Development of the insect-resistant rice, which was reported in the April 1996 issue of the journal Nature Biotechnology, marks the first time that useful genes were successfully transferred from a dicotyledonous plant, the potato, to rice, a monocotyedonous plant.
The potato genes cause rice plants to produce a protein that interferes with insects' digestive process whenever the plant is wounded by insects. Thus, insects such as the pink stem borer eat less, grow less quickly, and plant damage is reduced to tolerable levels. A barley gene enables rice plants to produce a protein that makes them salt- and drought-resistant so that they grow in saline conditions and recover quickly from dry conditions.

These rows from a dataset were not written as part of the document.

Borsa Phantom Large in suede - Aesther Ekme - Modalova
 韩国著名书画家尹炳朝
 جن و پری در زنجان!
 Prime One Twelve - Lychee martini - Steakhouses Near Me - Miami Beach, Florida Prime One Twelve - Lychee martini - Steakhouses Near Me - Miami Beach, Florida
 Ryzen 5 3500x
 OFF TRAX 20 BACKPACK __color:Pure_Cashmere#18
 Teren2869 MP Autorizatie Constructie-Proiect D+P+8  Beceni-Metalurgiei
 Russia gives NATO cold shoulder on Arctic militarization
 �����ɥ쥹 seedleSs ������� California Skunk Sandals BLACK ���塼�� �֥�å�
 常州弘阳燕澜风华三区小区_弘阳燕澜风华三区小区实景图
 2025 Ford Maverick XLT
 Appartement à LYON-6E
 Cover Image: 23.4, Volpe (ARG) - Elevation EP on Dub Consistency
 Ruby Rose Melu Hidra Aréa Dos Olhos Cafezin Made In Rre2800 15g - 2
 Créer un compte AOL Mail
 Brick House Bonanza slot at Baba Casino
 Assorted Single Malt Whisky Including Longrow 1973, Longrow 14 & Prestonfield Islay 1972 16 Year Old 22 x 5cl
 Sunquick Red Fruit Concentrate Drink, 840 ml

"These are capabilities that wild plants develop naturally over years of evolution, but we can't afford to wait for domestic rice varieties to evolve resistance to insect pests or drought," said Ray Wu, Cornell professor of biochemistry, molecular and cell biology, and leader of the international team that spliced other plant species' genes into rice. "Hundreds of millions of hungry people need this rice now, and the crop losses to insects, drought and increasing salinization of soils are devastating."